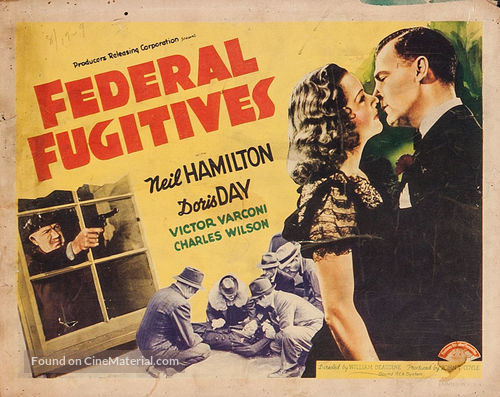 Federal Fugitives - Movie Poster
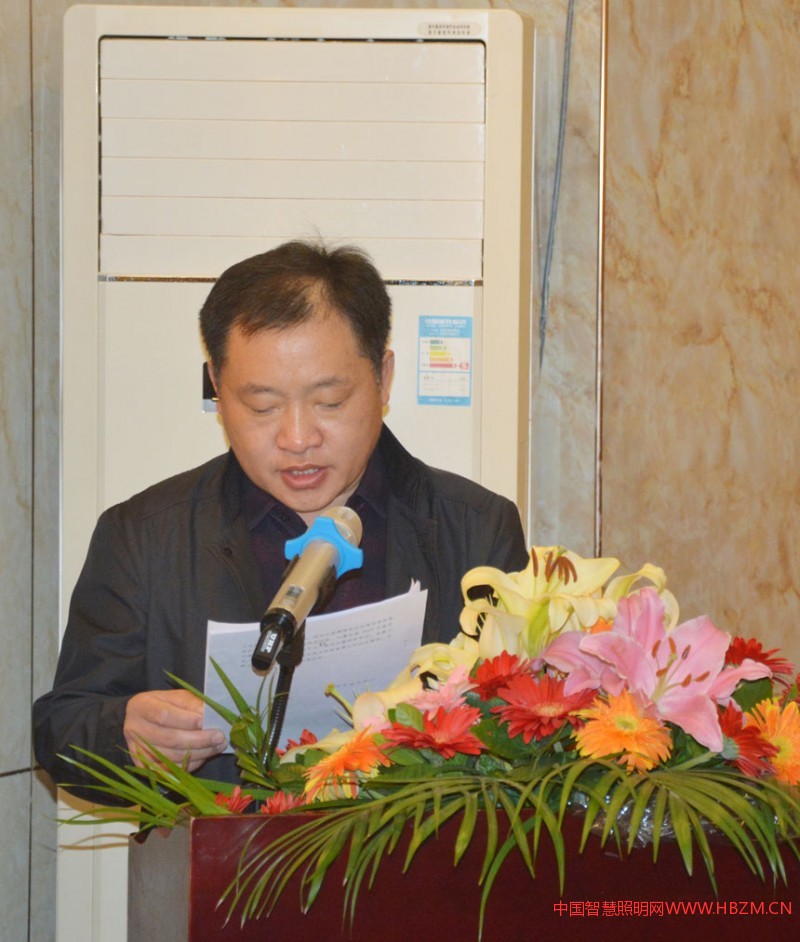 石家莊市城市照明管理處總工程師李忠法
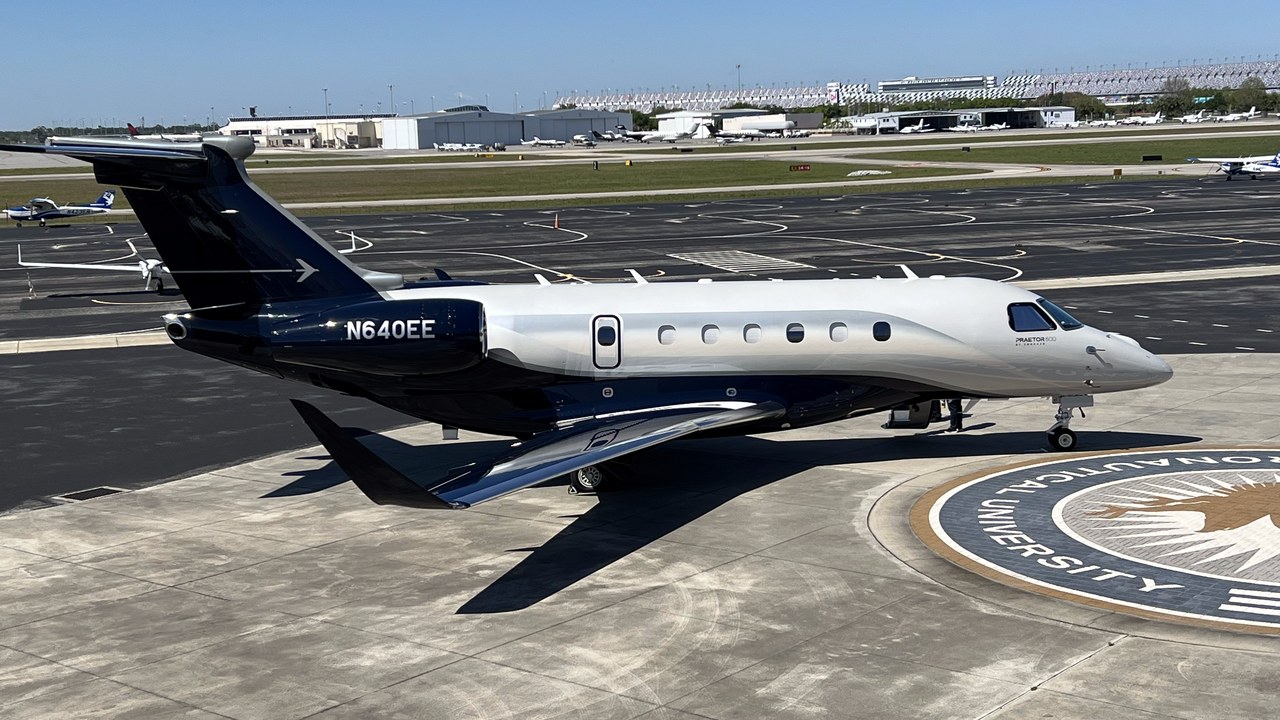 Embraer Praetor 600 — Image Credit: ZLEA - CC BY-SA 4.0/Wiki Commons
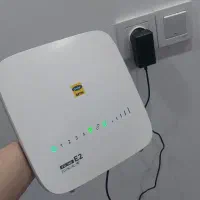 مودم و ساعت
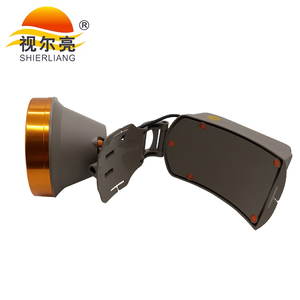 E27 <span class=keywords><strong>de</strong></span> luz ajustable <span class=keywords><strong>de</strong></span> mini impermeable al aire libre <span class=keywords><strong>camping</strong></span> minería recargable LED <span class=keywords><strong>faro</strong></span> - Product Image 2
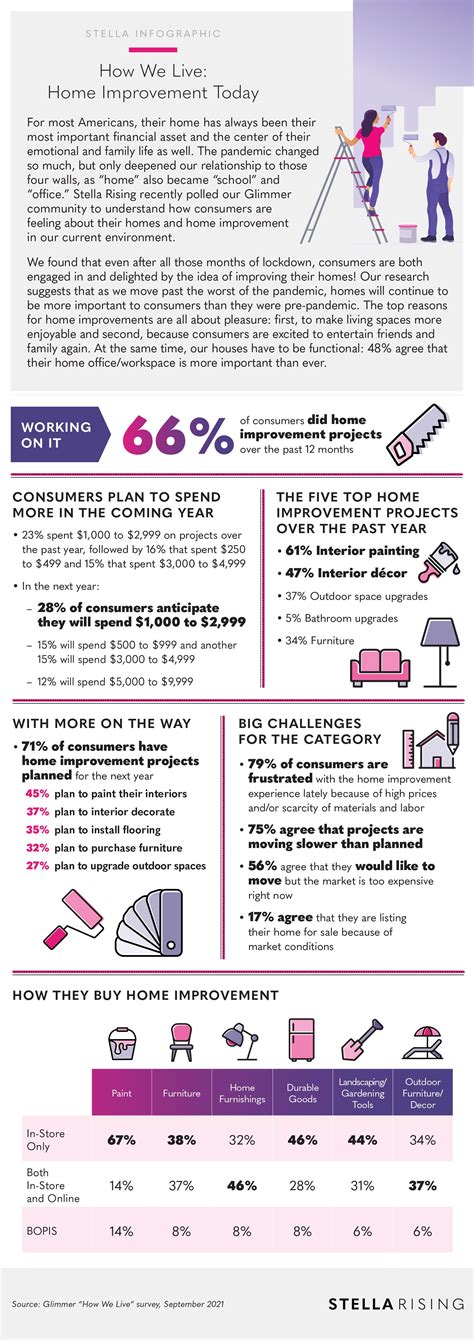 Infographic | How We Live: Home Improvement Today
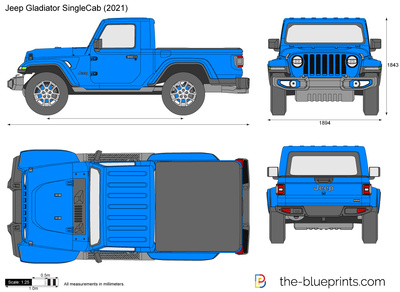 Jeep Gladiator SingleCab (2021)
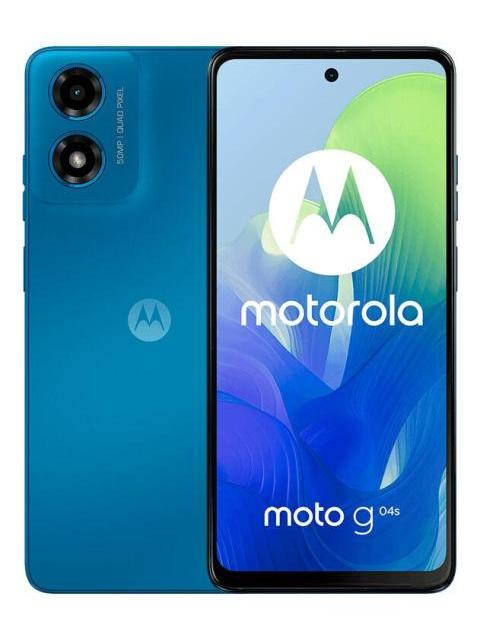 MOTOROLA MOTO G04S AZUL 4+128GB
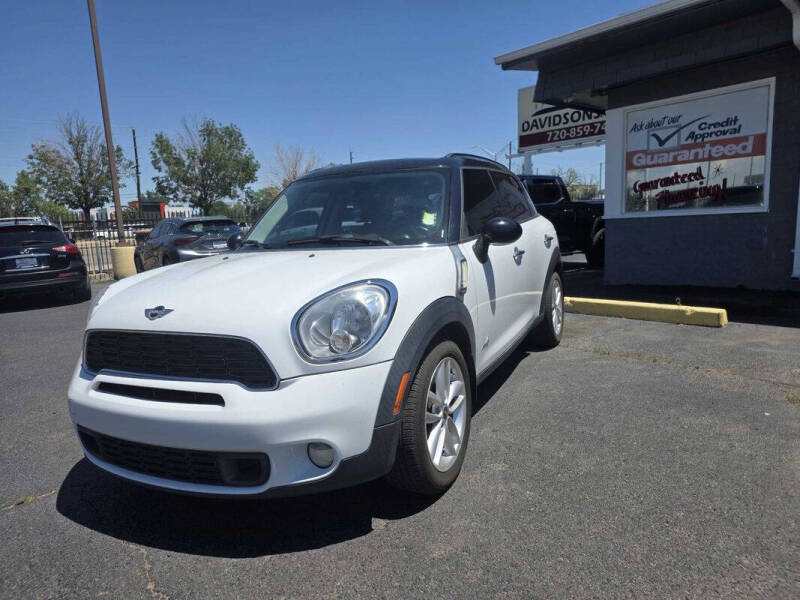 2014 MINI Countryman Cooper S ALL4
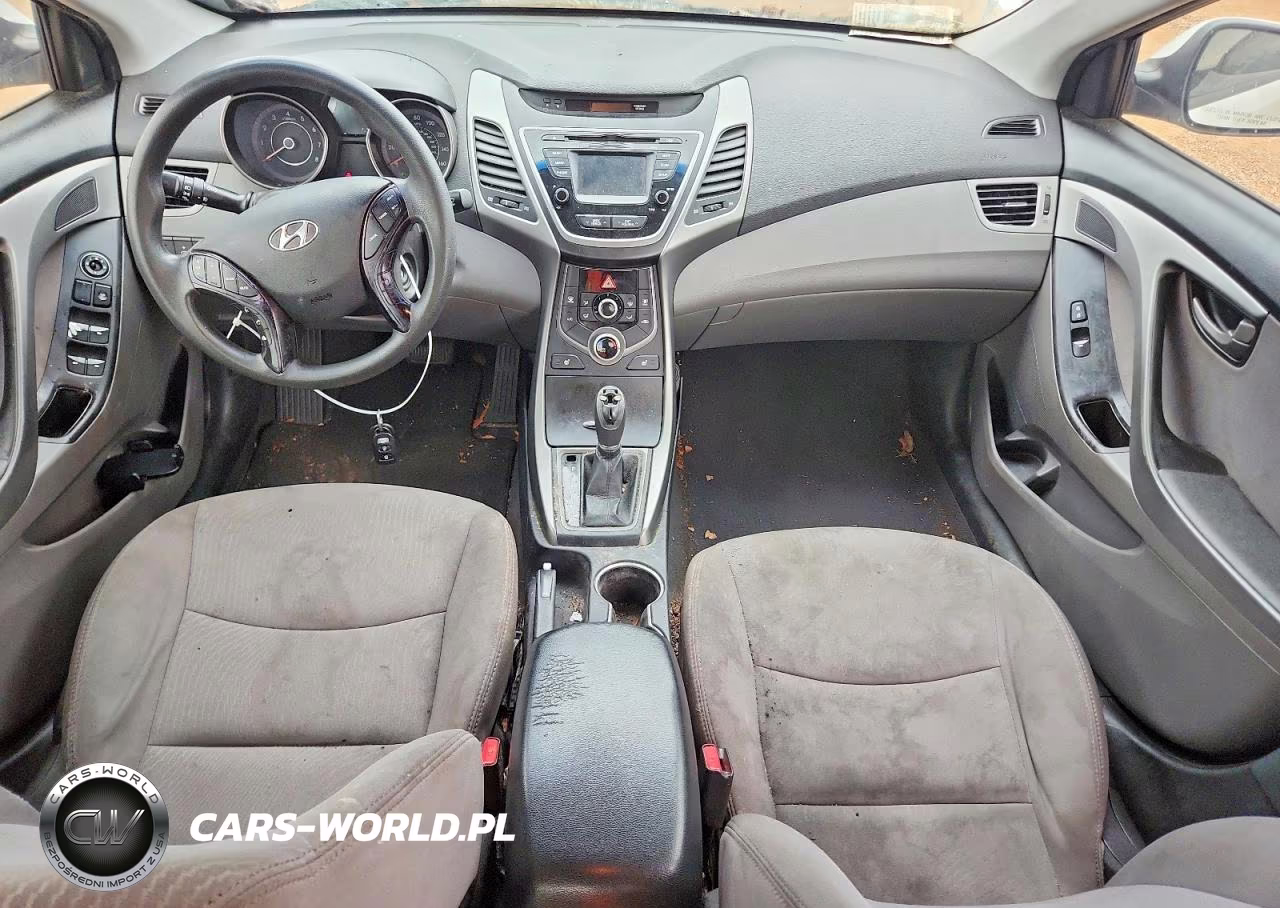 2014 Hyundai Elantra Se VIN:5NPDH4AE7EH459452 - 8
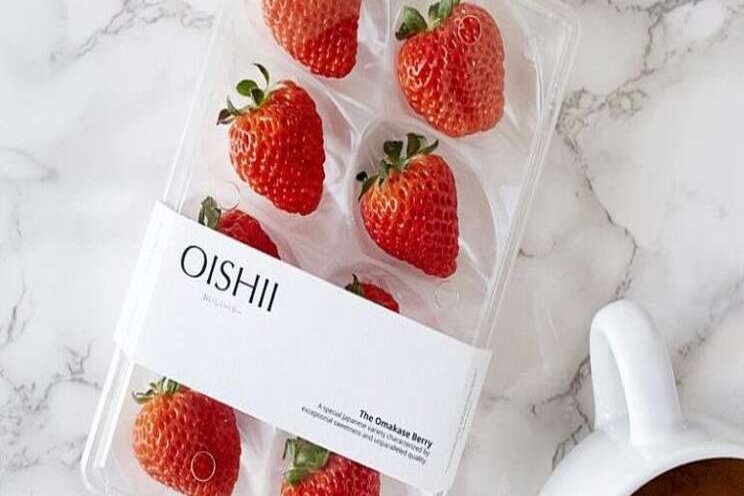 Here's how Oishii's cracking CEA strawberries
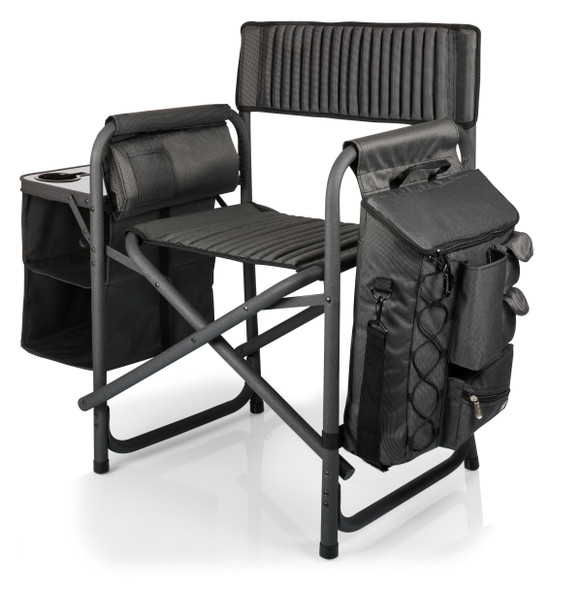 NC State Wolfpack Fusion Camping Chair | Picnic Time | 807-00-679-424-0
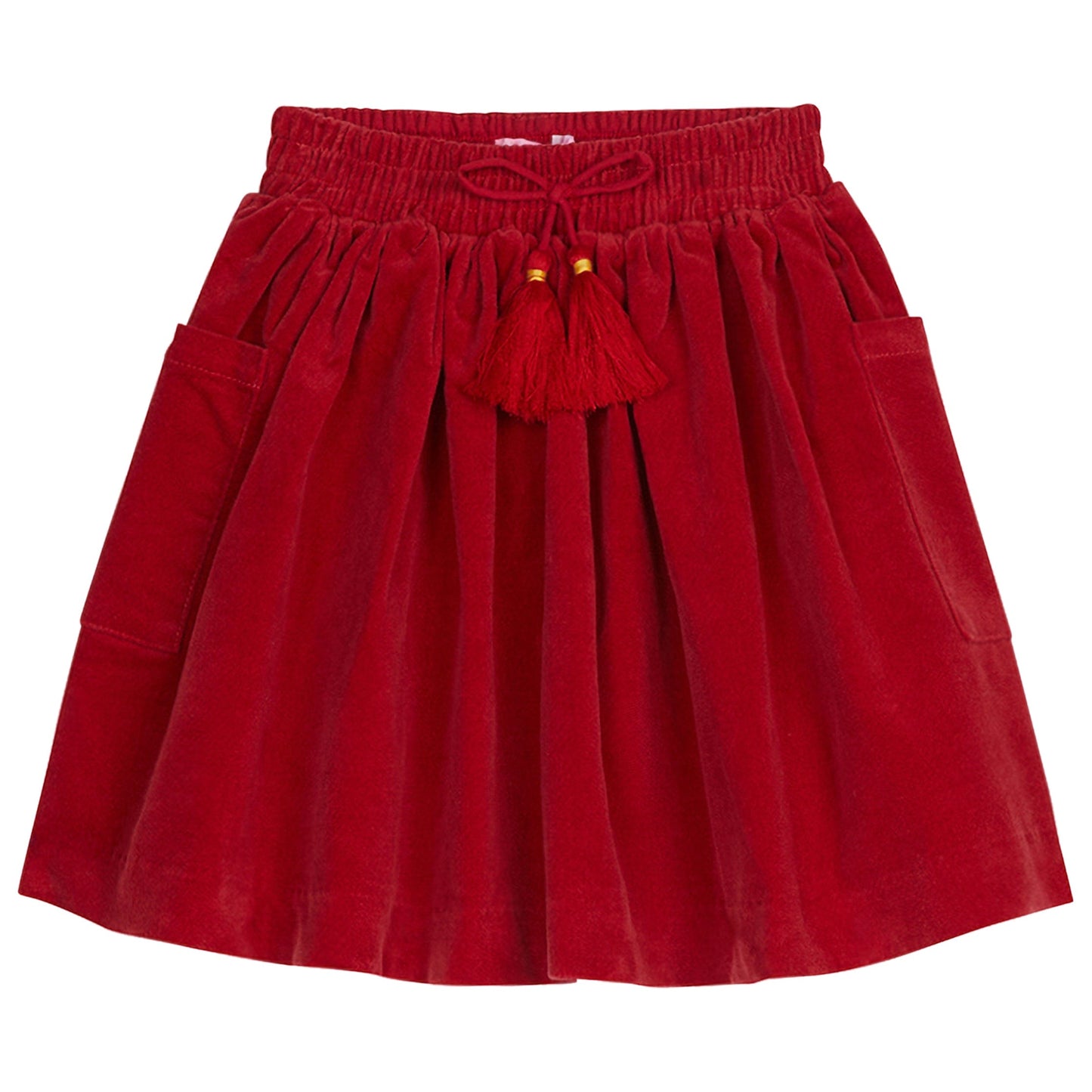 Circle Skirt, Red Velvet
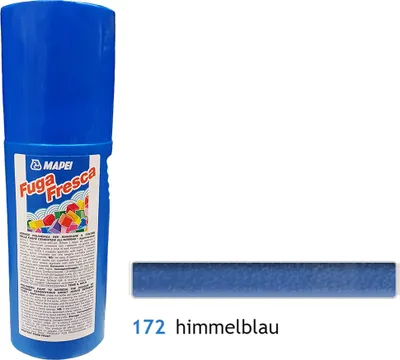 Image de Fugen Fresca 172 Peinture d'assainissement pour joints 26 x 0,16 kg Bouteille doseuse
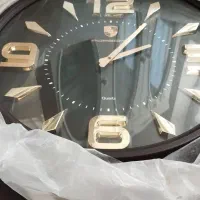 ساعت دیواری گرد نونو با کارتن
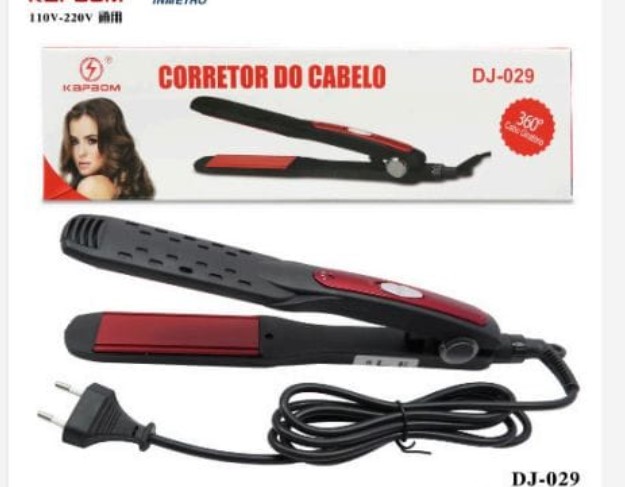  - Beleza    Cod. chapinha para cabelo dj-029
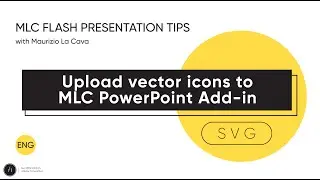 How to upload vector icons with the MLC PowerPoint Add-In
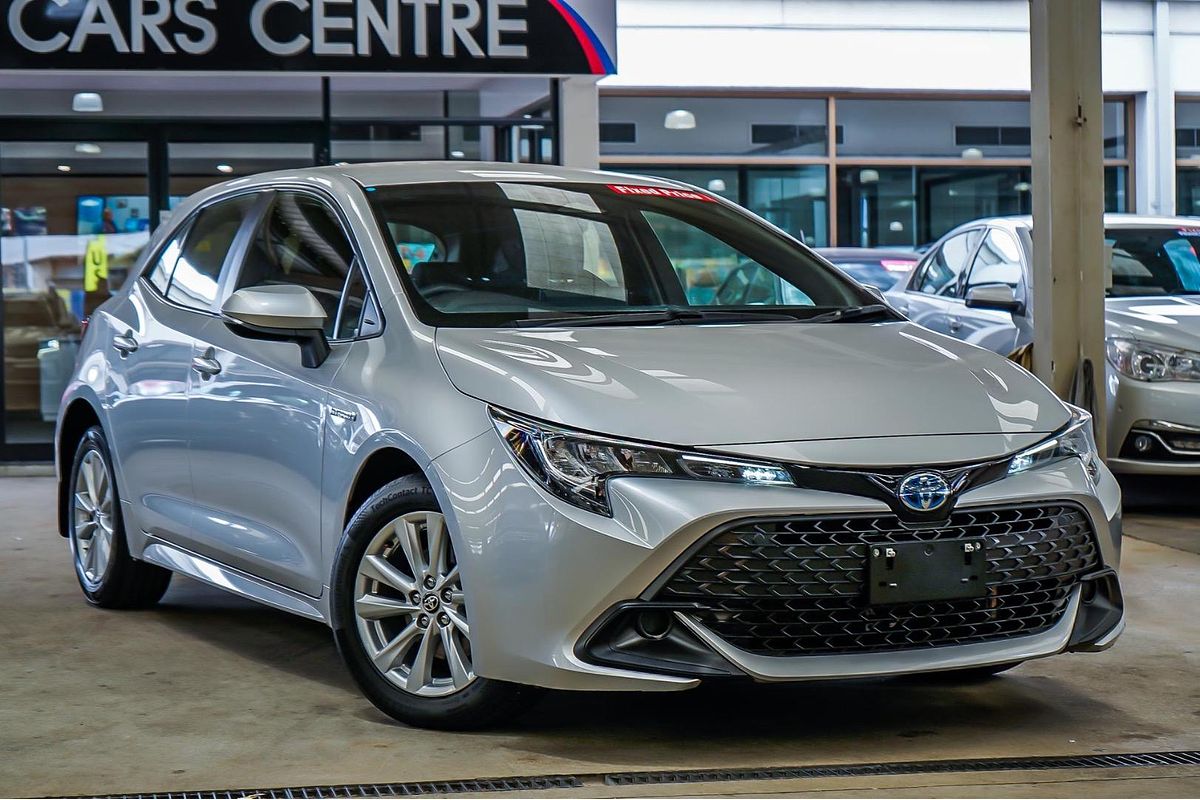 2024 Toyota Corolla Ascent Sport Hybrid ZWE219R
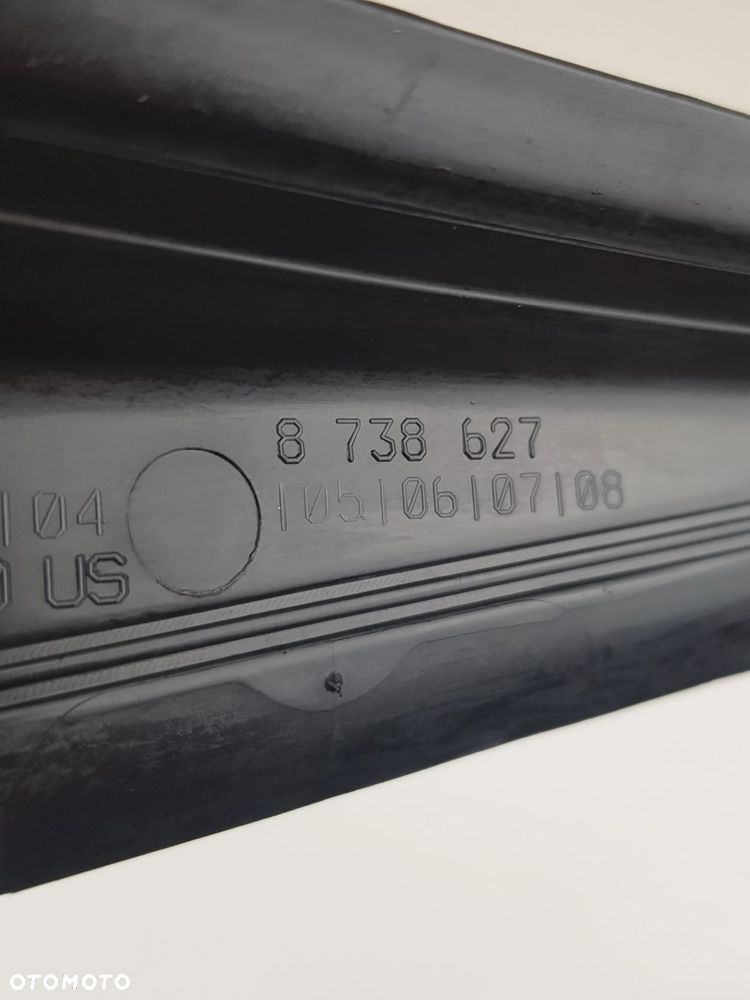 NOWA ORYGINALNA OSŁONA USZCZELKA POKRYWY BAGAŻNIKA TAPICERKA BMW X5 8738627 - 4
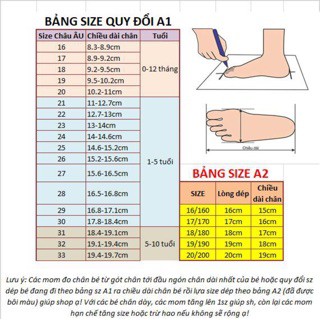 Dép cho bé - Dép sục hoạt hình siêu nhẹ êm chân,dép trẻ em chống trơn trượt cho bé gái, bé trai mẫu mới HOT 2021( D52 )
***
:: Your goal ::
Give again, word for word, the lines above from the one with "2014 Hyundai Elantra" through the final line of the data, both ends included. Do not copy any picture.

:: Reply to the task ::
 2014 Hyundai Elantra Se VIN:5NPDH4AE7EH459452 - 8
 Here's how Oishii's cracking CEA strawberries
 NC State Wolfpack Fusion Camping Chair | Picnic Time | 807-00-679-424-0
 Circle Skirt, Red Velvet
 Image de Fugen Fresca 172 Peinture d'assainissement pour joints 26 x 0,16 kg Bouteille doseuse
 ساعت دیواری گرد نونو با کارتن
  - Beleza    Cod. chapinha para cabelo dj-029
 How to upload vector icons with the MLC PowerPoint Add-In
 2024 Toyota Corolla Ascent Sport Hybrid ZWE219R
 NOWA ORYGINALNA OSŁONA USZCZELKA POKRYWY BAGAŻNIKA TAPICERKA BMW X5 8738627 - 4
 Dép cho bé - Dép sục hoạt hình siêu nhẹ êm chân,dép trẻ em chống trơn trượt cho bé gái, bé trai mẫu mới HOT 2021( D52 )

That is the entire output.